With all that going on in the book, it’s not a wonder the wedding itself is more of an afterthought, with only a few pages devoted to it at the end. But at least the dragons enjoyed the troll hunt, which finally pleased Zav’s haughty mother. And there was a few sweet moments too--but nothing too sappy.

The book ends with everyone in a good place, but also as they’ve always been. It’s not a final goodbye when you know the lives of the characters will continue even without you. And maybe there will be more books in the future too, picking up where this one left. I’d love to read them, but for now, I’m happy with how the series ended.

Saturday, April 24, 2021

Fugitive Telemetry by Martha Wells: review

4/5 stars on Goodreads

Fugitive Telemetry by Martha Wells

Murderbot is back in Fugitive Telemetry, the sixth book in The Murderbot Diaries by Martha Wells. After the previous book, I assumed the life of the rogue SecUnit would take a new turn, but instead the latest book steps back in time and takes place between Exit Strategy and Network Effect.

Murderbot has settled—sort of—on Preservation space station, a safe haven for all refuges from the Corporate Rim, even for security constructs (part organic, part cyborg) and bots. It fills its days trying to prevent its favourite human, Dr Mensah, the leader of Preservation from being killed by GrayCris Corporation, watching its shows, and getting annoyed by humans who fear it for being a SecUnit. When a murdered body is found, Murderbot is convinced GrayCris is responsible and gets involved in the investigation.

Fugitive Telemetry is a surprisingly traditional whodunit. Murderbot follows the clues, in its own way, which leads it to a different mystery entirely than it had assumed. But since it’s taken to solve the mystery, it’ll see it through, even though it doesn’t have anything to do with Dr Mensah. There aren’t nearly as much explosions, hacking on-the-fly, and fight scenes than in these books usually, but the mystery is interesting and the identity of the culprit surprising. And Murderbot manages to make new friendlies (not friends—never friends) in the process too.

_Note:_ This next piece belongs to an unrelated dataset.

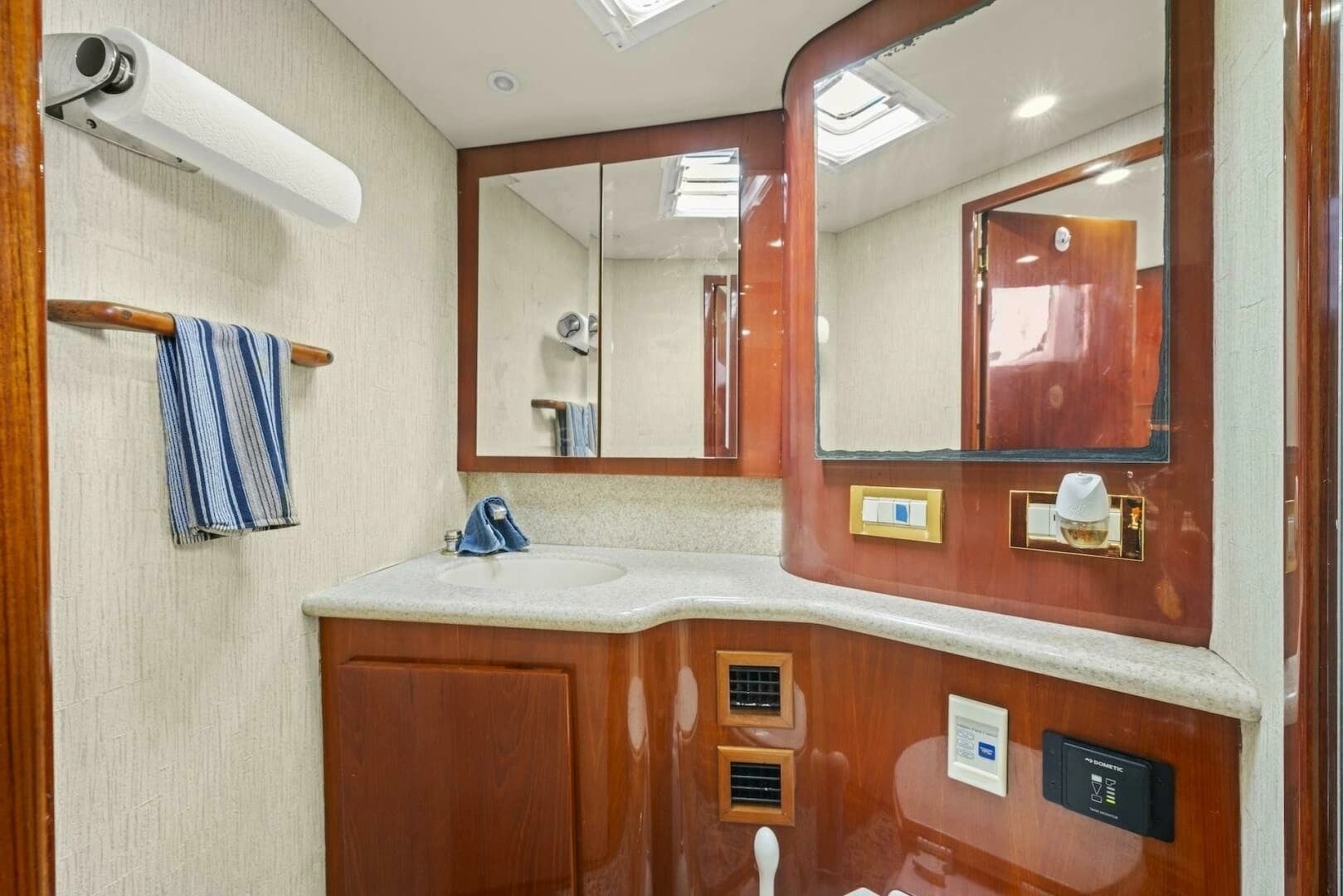 2006 Buddy Davis 48 Express - Image 36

If you haven’t read Network Effect yet, it’s perfectly possible to read this one first. It’s maybe even better if you do. It’s a good book, but I do hope the next one will pick up where Network Effect left Murderbot. Maybe in another full-length book even.

I received a free copy from NetGalley in exchange for an honest review.

Friday, April 23, 2021

Network Effect by Martha Wells: review

5/5 stars on Goodreads

Network Effect by Martha Wells

Network Effect is the fifth book in Martha Wells’ The Murderbot Diaries sci-fi series of a rogue security construct, SecUnit (part organic, part mechanical, all sarcastic). It’s also the first full-length one.

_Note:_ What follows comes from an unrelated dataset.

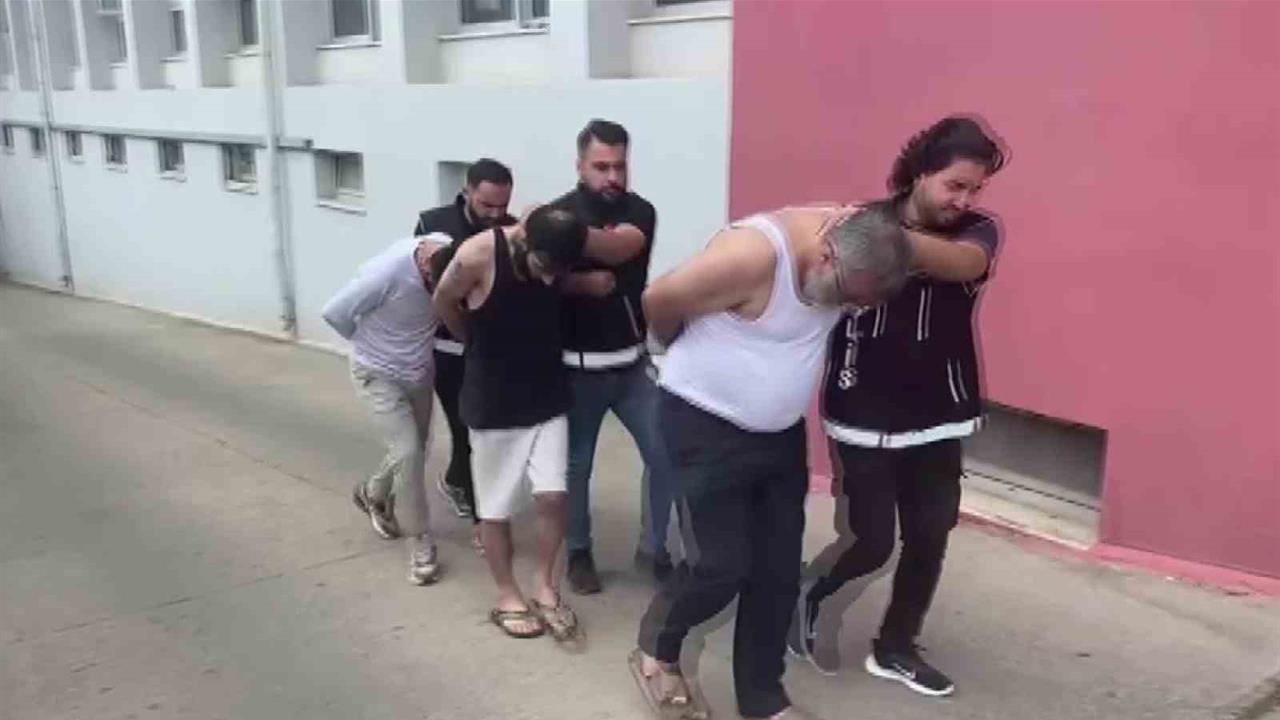 Adana'da Uyuşturucu Operasyonu: 3 Torbacı Tutuklandı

I was really eager to read a longer Murderbot book, and it didn’t disappoint. Murderbot, the SecUnit who has freed itself from its governor module that can kill it, finds itself—for the first time—in a fairly good place. The threat to Dr. Mensah by GrayCris Corporation is practically over and it can choose what it wants to do. It wants to provide security for a science expedition by its favourite humans and Dr. Mensah’s daughter Amena.

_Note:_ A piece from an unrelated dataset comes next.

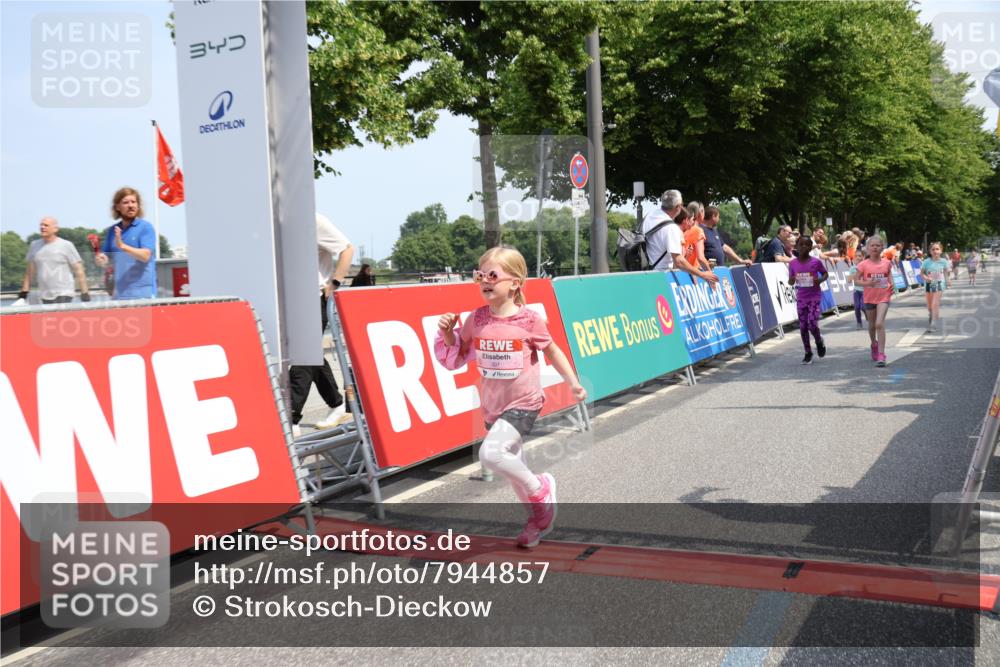 15.06.2025 - REWE Women's Run Strokosch-Dieckow http://msf.ph/oto/7944857 15.06.2025 11:36:41 Ziel 109, 134, 171, 193, 247, 248, 259, 279, 307, 320 meine-sportfotos.de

Everything is going fairly well, when they’re attacked by a ship Murderbot knows very well, the one powered by ART (asshole research transport), as Murderbot calls the AI. ART has been compromised by alien looking creatures and is effectively dead. So Murderbot sets out to save ART—not its friend, no matter what Amena says—whilst keeping its humans safe.

The plot is constant action and involves abandoned colonies, hostile corporations, cyber-attacks, and explosions. But for the first time, there’s also a lot of room for Murderbot to reflect its existence, concept of friendship, and what it wants to do with its freedom. It does all this in a very Murderbot fashion by denying everything and being grumpy and sarcastic. But it also grows a lot as a person.

The book ends at a crossroads for Murderbot. But instead of revealing where it’ll go from here, the next book goes back in time to events before Network Effect. It’s again a shorter one, but hopefully we’ll get another full-length book after that. Murderbot has a lot to offer us yet.